According to Matthew 13:16-17 the Old Testament prophets lived with the anticipation that the kingdom was coming and the New Testament apostles announced its fulfillment. This is what happened to Anna and Simeon as they were "seeing" the kingdom come in their own lifetime. Thus Matthew presents Jesus as the long expected royal son of David who confronts his people with a final summons to repent and enter the kingdom prepared for them and, through them, for all peoples. In the process God is beginning to create a new kingdom through Jesus calling twelve apostles, these men corresponding to the twelve tribes of Israel.

Though Matthew presents a Jesus who comes to reveal the kingdom to Israel he also presents a Jesus, in John Stott’s words, who is clearly "an internationalist." Matthew 8:11 says, "Many will come from the east and the west, and will take their places at the feast with Abraham, Isaac and Jacob in the kingdom of heaven." The church in America does not understand that Jesus is truly "an internationalist." Our view of his kingdom is often limited by our view of the world as seen through Western eyes. This significantly impacts our view of mission. It also significantly impacts how we live day-to-day without recognizing the Lordship of Christ over all principalities and powers. This has implications far beyond our private spiritual practices.
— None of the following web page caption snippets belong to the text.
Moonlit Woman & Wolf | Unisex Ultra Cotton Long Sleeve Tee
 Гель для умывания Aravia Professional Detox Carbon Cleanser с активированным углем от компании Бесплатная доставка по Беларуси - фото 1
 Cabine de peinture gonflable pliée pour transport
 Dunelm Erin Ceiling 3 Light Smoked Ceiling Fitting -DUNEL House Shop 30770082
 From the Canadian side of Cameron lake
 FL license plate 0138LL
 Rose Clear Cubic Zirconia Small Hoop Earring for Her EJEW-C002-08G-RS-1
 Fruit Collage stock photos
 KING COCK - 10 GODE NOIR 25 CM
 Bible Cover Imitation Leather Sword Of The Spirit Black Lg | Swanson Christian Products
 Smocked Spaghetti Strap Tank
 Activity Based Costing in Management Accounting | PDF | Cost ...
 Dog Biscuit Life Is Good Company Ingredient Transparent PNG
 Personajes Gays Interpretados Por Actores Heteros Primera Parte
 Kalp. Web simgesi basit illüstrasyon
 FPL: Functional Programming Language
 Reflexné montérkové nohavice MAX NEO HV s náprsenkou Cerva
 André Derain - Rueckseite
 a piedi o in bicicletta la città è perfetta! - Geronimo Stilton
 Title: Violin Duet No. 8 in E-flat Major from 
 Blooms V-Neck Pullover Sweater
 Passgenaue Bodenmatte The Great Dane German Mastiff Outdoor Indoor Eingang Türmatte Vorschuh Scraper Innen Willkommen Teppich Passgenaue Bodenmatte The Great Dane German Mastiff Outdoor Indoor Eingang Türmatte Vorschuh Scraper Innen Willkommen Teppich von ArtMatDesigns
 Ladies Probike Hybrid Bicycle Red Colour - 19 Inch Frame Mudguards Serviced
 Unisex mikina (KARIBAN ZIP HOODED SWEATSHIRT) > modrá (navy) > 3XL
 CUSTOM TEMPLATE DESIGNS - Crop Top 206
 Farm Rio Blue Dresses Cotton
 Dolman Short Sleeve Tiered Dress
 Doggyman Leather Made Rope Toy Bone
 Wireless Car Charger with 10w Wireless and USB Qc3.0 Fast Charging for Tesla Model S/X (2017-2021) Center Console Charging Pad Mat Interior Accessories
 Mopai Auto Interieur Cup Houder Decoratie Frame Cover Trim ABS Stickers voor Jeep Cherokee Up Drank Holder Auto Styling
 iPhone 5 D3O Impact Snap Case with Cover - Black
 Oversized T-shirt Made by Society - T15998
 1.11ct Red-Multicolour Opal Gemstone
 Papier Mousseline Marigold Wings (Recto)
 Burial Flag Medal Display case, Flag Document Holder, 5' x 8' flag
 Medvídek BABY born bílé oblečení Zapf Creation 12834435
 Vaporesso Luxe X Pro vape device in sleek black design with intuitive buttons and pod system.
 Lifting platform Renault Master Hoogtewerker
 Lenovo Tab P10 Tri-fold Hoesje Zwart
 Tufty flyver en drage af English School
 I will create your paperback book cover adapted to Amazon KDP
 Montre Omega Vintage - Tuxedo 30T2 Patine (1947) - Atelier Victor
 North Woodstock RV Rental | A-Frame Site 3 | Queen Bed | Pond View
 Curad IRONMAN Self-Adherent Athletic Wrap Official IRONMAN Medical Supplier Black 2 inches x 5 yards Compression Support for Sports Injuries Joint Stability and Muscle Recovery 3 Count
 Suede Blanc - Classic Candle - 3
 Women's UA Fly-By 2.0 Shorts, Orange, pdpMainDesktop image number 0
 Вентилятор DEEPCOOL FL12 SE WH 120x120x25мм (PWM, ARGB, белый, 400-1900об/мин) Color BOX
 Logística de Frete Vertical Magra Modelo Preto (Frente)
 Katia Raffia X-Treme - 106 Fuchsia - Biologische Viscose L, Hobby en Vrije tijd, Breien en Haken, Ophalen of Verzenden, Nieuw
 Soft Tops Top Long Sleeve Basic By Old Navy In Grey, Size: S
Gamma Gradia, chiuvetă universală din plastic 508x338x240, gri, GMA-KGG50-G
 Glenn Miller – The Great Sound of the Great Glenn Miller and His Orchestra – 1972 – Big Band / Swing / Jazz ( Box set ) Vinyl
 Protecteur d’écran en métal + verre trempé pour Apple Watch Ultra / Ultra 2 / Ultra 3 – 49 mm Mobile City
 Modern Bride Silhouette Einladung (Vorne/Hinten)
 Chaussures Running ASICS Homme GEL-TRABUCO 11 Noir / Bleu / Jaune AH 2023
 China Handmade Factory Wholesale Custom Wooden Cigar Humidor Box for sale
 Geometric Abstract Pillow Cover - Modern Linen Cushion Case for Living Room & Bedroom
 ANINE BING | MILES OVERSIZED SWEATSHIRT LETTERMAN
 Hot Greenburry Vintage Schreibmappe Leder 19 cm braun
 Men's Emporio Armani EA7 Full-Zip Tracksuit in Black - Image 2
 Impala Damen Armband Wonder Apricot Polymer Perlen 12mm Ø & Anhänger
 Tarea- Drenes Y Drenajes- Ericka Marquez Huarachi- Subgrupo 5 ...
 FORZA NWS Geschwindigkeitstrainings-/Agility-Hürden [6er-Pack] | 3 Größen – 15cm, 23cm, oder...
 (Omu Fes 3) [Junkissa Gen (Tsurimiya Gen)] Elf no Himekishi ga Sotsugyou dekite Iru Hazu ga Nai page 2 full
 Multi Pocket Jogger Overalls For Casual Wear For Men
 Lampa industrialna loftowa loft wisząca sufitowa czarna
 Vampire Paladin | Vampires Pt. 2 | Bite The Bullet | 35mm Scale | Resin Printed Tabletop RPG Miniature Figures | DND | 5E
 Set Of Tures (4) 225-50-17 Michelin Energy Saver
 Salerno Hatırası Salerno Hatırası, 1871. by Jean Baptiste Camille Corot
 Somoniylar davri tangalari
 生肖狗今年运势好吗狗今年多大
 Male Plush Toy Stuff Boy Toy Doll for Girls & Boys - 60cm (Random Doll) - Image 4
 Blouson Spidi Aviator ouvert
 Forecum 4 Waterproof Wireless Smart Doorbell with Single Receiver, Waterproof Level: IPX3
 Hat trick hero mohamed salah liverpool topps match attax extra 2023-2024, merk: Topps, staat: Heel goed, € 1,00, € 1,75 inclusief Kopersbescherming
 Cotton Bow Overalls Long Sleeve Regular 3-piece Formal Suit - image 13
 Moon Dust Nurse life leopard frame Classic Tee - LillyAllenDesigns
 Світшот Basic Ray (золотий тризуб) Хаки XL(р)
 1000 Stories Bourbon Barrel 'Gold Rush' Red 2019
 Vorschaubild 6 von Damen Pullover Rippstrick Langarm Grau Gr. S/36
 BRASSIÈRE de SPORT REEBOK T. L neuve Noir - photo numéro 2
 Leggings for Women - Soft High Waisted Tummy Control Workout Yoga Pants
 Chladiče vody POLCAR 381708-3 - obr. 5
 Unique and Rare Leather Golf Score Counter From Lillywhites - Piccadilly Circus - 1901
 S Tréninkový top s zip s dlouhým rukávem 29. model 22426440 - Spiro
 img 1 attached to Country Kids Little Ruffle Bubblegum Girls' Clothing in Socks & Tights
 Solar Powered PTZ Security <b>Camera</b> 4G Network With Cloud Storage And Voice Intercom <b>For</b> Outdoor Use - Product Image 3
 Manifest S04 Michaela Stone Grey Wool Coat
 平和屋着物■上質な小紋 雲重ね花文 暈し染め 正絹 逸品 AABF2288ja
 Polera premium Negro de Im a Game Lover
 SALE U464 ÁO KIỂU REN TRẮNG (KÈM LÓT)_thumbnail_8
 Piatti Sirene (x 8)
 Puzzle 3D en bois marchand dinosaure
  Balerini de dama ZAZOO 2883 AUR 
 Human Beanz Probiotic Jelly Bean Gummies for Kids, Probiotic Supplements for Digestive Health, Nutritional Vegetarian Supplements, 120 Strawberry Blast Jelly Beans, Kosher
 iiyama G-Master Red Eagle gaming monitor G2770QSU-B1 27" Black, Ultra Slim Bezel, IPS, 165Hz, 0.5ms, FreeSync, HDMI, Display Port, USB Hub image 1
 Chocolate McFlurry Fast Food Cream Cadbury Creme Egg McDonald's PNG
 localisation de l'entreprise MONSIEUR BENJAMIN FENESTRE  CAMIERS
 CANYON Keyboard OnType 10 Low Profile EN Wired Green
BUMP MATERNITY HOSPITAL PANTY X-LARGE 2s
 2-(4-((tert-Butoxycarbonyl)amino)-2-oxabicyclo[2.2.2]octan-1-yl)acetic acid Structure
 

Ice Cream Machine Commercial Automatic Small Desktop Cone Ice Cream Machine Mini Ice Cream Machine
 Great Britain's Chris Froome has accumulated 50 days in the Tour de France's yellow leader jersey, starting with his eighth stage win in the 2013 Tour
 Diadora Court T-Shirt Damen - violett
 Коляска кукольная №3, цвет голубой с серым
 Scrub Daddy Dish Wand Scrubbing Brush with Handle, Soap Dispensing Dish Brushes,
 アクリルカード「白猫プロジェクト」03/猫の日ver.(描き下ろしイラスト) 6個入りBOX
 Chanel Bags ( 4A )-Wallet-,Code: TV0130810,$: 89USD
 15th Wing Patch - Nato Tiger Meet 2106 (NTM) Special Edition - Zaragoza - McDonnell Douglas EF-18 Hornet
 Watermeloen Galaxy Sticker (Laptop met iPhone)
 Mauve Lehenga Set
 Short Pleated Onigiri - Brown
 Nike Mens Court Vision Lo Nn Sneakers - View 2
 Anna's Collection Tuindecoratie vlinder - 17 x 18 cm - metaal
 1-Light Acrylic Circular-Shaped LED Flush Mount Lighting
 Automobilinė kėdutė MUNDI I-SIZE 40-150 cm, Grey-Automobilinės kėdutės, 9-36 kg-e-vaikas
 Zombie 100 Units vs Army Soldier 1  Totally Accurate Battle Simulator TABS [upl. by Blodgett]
The church struggles, and will continue to struggle, to work this out in practice. We are not likely to agree on how this happens but at least we could begin by agreeing that we ought to realize the centrality of the kingdom if we submit to the gospel of Jesus Christ. If we start here we can hope to proceed with humility in how we work out the implications of Jesus, who is "the internationalist."